The
Government is accelerating its plan to facilitate post-flood business
operations in order that the private sector will recover quickly.
Finance Minister Thirachai Phuvanatnaranubala said that
the recovery of the business sector will contribute to the employment
situation and raise consumer confidence.
He admitted that the scale of disaster caused by this year’s floods was
extensive, and said that although industrial activities cover only 15
provinces, their proportion accounts for 40 percent of Thailand’s GDP.
The World Bank estimates that damage to property caused by the recent
floods is likely to stand at 640 billion baht, while the production
sector is expected to suffer 710 billion baht.

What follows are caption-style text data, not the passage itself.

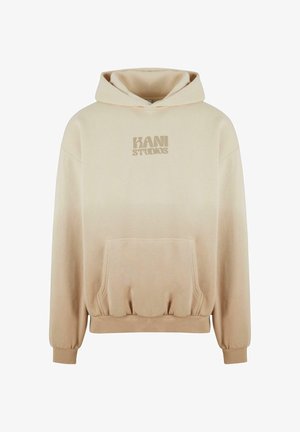 Hanorac oversize bej cu buzunar frontal, mâneci cu manșetă și logo-ul "KANI STUDIOS" imprimat ton pe piept. Textură de țesătură fină.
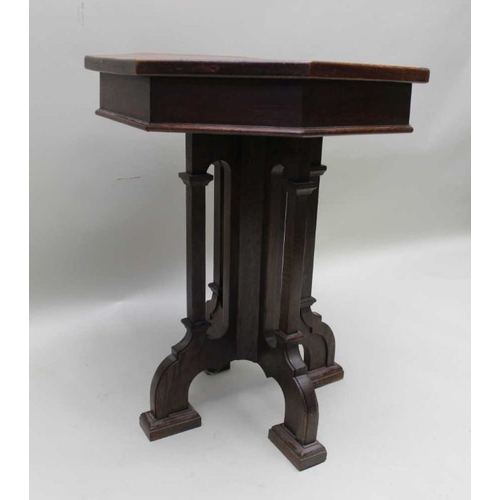 394 - A 19th century oak lamp table of Gothic design, octagonal top, on cluster supports and four arched f... 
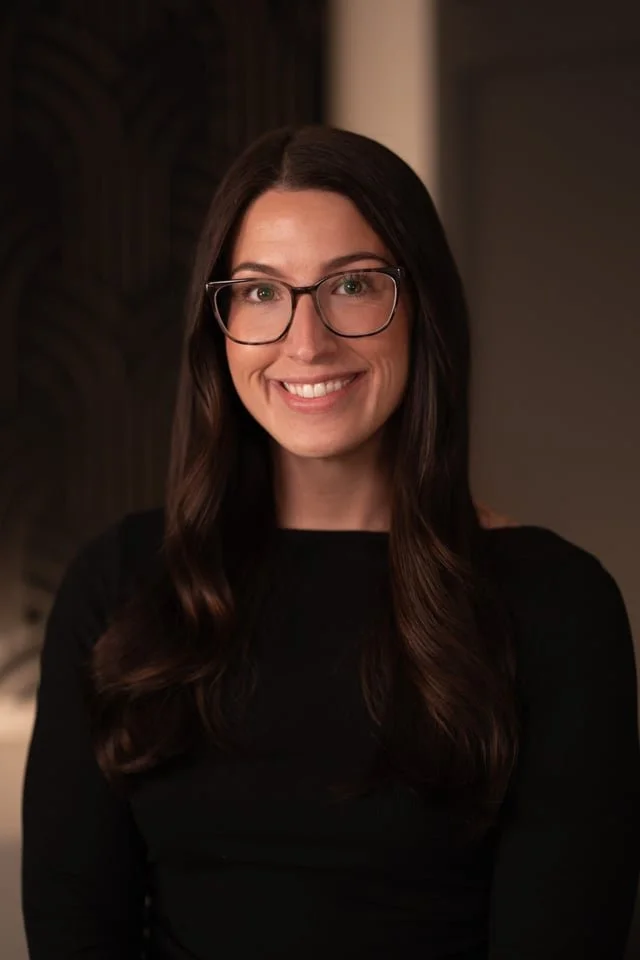 Taylor Scotti wearing glasses, and a black top, smiling at the camera indoors.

Mr. Thirachai pointed out that the estimation was rather high, when
compared with assessments made by relevant government agencies in
Thailand. The Office of the National Economic and Social Development
Board earlier estimated that the floods would damage the Thai economy by
2 percent, or about 200 billion baht.
He believed that impact on the country’s GDP would not be high, as the
Government has a policy to speed up post-flood rehabilitation. GDP
growth for 2012 is projected to be at least 5 percent. In order to
achieve this target, he said, the Government needed to come up with
various measures for recovery and restoration. Several fiscal,
financial, and tax measures have already been implemented to facilitate
liquidity in the business sector. The Government’s spending on
rehabilitation in late 2011 and early 2012 is seen as an important
factor to spur the Thai economy next year. The Office of the Board of
Investment is considering more measures to assist companies whose
businesses have been damaged by floods.
Meanwhile, President of the National Food Institute Petch Chinabutr said
that the recent floods caused 50 billion baht in damage to the food
industry in Thailand. At least 1,300 food factories, accounting for 15
percent of all food plants in the country, were affected.
Thai food exports in 2011 are expected to reach 963 billion baht, an
increase of 20 percent. Even so, the figure is likely to be lower than
the set target of between 970 billion and one trillion baht. As for next
year, the food export value is projected at 971 billion baht,
representing an increase of 0.8 percent over that of 2011. The debt
crisis in the European Union poses a risk for Thai food exports to
Europe, which is the fourth-largest market for Thai food.
Prime Minister Yingluck Shinawatra stated that the EU debt crisis was
unlikely to have a direct impact on the Thai economy, which has solid
fundamentals, and its stability is expected to be robust next year.
Moreover, she said, the Government has a policy to stimulate the
grassroots economy and the industrial sector and push for an increase in
investment. The Prime Minister reaffirmed that the Government would be
able to cope with global economic woes and that it had prepared measures
to ease the impact of floods on the economy.